Agnes (2013) de José Teixeira

Daqui podemos extrair algo que quem trabalha na área já sabe, mas fica aqui evidenciado quantitativamente, e que é o facto de que aquilo que é mais complexo, moroso, e trabalhoso  num trabalho de cinema de animação 3d, é a animação de personagens. Esta duplica o trabalho investido na modelação de personagens e cenários juntos, que é já de si um trabalho imensamente moroso dada a minúcia necessária ao trabalho de esculpir cada um dos elementos.

Podemos ainda através apenas desta discriminação perceber porque falava eu de alguns problemas na texturização e iluminação, pois ambas juntas tiveram menos investimento do que a modelação dos personagens apenas. Por outro lado é muito interessante constatar que apesar do investimento na animação das câmaras ser reduzido, a qualidade é muito boa. Ou seja, existem questões que vão para além dos dados quantitativos aqui apresentados e que se prendem com os talentos de cada um. Ou seja, um trabalho como estes requer sensibilidades muito distintas, o que torna muito complicado de conciliar tudo numa única pessoa apenas.

Modelar, Texturizar, Iluminar, Animar e Cinematografar não são a mesma coisa. Por isso quando exigimos a alguém que faça uma curta 3d, não podemos esperar que faça um trabalho com a qualidade dos efeitos de Hollywood. E já não falamos de meios tecnológicos, que deixaram quase de ser relevantes, mas porque um trabalho destes requer equipas de pessoas altamente especializadas em cada uma destas áreas.
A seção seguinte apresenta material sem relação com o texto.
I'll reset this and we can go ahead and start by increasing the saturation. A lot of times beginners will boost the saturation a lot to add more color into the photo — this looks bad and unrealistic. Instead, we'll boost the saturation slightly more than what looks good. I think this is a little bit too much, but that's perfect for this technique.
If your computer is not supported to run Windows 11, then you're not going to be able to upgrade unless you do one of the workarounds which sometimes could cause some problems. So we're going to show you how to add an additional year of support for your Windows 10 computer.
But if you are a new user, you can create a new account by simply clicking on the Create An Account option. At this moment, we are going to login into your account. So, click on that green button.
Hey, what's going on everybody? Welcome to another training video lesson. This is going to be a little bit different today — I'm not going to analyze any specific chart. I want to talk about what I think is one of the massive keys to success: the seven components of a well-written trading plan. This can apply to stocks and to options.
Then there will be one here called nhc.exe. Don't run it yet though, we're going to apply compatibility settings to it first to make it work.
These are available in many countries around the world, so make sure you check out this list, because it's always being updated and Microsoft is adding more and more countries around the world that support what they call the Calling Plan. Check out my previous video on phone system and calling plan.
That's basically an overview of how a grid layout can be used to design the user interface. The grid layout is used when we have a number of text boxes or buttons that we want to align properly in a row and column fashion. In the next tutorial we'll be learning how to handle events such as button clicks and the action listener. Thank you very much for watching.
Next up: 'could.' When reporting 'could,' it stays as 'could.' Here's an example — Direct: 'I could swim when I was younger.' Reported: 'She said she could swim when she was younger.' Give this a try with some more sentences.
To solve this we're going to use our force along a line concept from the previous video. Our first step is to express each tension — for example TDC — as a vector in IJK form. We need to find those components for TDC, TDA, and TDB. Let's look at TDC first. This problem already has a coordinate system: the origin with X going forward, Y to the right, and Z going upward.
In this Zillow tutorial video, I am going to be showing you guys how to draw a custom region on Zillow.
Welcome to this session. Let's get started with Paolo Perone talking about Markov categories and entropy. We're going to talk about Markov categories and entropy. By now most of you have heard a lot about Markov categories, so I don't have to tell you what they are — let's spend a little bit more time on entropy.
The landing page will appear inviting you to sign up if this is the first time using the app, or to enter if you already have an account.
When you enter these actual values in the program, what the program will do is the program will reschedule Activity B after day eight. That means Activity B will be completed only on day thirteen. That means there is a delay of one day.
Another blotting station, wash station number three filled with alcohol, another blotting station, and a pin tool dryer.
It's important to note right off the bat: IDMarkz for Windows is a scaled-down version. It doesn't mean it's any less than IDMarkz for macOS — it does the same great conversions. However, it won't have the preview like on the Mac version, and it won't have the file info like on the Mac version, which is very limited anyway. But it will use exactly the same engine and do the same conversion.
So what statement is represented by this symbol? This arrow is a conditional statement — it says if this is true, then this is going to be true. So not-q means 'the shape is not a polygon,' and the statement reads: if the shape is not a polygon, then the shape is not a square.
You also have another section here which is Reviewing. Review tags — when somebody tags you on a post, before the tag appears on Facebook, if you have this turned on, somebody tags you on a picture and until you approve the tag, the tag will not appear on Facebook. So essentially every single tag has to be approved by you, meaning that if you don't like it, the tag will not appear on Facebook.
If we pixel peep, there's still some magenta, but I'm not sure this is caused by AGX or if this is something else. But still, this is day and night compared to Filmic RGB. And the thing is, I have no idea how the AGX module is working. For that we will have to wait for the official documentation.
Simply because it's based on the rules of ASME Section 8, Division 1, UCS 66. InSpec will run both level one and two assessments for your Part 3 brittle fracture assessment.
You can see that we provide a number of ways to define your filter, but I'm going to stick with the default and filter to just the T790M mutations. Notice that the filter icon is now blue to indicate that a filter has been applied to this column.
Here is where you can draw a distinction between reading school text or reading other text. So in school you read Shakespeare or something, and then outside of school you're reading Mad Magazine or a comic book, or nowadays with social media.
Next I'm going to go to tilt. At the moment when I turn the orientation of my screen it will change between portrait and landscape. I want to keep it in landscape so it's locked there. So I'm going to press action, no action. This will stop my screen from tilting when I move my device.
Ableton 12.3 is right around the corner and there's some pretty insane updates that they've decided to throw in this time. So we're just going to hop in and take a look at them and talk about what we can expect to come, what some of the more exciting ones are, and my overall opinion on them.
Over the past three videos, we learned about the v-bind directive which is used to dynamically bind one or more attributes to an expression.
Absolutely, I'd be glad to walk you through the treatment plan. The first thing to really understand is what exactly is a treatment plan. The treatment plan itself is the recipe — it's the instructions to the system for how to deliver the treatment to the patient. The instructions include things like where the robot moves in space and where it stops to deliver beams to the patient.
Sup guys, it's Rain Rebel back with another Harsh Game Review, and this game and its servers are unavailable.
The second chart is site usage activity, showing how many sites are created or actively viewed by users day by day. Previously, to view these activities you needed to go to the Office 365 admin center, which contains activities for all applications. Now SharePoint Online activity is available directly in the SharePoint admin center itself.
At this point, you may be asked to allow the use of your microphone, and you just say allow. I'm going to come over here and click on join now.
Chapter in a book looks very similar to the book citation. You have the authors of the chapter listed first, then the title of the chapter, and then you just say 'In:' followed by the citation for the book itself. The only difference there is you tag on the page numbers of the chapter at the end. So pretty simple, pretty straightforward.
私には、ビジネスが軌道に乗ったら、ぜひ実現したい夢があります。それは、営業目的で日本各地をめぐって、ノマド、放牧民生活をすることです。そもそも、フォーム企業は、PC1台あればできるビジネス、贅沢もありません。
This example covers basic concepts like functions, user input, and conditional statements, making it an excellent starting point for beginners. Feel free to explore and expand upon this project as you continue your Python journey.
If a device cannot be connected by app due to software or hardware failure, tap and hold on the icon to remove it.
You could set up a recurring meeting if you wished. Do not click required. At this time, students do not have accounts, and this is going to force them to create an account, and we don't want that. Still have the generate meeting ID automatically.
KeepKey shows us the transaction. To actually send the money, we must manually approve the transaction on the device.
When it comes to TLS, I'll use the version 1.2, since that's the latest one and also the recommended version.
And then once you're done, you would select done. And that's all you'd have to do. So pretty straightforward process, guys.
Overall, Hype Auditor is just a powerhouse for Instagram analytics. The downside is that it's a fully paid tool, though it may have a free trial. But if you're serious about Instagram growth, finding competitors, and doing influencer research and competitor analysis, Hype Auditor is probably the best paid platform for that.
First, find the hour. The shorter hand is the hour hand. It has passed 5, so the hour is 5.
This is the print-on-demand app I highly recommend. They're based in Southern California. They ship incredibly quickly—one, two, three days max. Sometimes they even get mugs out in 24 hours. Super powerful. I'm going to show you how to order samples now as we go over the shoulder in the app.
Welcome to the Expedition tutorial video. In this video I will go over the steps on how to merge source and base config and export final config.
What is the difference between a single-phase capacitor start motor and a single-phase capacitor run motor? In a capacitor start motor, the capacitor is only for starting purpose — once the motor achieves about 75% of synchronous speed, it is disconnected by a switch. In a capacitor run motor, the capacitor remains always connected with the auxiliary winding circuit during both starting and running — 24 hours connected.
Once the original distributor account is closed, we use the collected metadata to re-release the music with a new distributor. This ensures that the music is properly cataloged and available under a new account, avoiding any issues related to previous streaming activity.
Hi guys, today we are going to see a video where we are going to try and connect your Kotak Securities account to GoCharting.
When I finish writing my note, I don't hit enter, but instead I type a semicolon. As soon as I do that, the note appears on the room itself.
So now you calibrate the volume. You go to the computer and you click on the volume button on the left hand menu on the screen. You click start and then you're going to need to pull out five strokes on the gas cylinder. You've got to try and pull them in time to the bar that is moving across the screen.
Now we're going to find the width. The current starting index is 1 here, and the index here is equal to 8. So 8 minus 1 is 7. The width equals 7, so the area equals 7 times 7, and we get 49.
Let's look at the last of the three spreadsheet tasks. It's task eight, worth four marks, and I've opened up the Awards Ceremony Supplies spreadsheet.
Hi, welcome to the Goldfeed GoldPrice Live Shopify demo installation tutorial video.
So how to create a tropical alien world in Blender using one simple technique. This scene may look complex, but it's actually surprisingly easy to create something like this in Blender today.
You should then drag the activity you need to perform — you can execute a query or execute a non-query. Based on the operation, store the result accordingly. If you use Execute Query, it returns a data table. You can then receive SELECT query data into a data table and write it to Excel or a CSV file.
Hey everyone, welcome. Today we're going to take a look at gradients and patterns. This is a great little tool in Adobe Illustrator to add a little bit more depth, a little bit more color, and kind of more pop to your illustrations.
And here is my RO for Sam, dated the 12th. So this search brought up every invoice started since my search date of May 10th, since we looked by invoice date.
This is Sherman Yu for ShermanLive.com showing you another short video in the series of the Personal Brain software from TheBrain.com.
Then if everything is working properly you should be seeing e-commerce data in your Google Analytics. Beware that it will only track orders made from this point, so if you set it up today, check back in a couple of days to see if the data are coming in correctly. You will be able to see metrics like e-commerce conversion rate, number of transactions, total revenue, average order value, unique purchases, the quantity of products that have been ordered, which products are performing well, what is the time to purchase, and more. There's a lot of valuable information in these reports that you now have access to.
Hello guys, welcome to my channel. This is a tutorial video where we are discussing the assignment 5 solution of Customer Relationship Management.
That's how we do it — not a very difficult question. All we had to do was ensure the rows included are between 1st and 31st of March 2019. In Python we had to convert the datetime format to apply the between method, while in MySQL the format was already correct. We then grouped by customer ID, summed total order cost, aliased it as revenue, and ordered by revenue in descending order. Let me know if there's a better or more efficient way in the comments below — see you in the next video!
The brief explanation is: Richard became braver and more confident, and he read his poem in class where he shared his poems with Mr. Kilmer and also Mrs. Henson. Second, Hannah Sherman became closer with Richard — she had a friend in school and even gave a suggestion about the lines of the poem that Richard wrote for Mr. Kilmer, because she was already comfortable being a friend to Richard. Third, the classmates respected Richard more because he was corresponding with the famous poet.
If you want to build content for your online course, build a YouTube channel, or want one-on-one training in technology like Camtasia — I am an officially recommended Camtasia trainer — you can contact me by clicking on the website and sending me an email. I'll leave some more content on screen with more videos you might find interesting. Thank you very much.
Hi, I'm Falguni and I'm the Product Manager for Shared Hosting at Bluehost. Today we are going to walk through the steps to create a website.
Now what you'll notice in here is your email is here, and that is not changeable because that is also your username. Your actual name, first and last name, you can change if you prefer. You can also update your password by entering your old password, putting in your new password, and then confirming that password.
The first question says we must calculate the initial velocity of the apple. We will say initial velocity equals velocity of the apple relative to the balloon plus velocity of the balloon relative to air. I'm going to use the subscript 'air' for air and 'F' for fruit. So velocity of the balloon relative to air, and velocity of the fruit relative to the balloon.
Claramente que o José Teixeira trabalha bastante bem no campo da modelação, animação e cinematografia, mas ainda assim estamos a exigir demais de uma pessoa apenas. As sensibilidades, os interesses, as experiências que temos de ter vivido, a cultura que temos de ter consumido, a prática que temos de ter treinado são bastante diferentes.

E é por isso que quando vemos um trabalho como Agnes, não podemos deixar de nos sentir felizes. Não sendo um "Rosa" (2011), é um trabalho de excepcional qualidade, é a obra-prima de José Teixeira apresentada no final no seu caminho de aprendizagem, como se fazia na idade média no âmbito das guildas de excelência.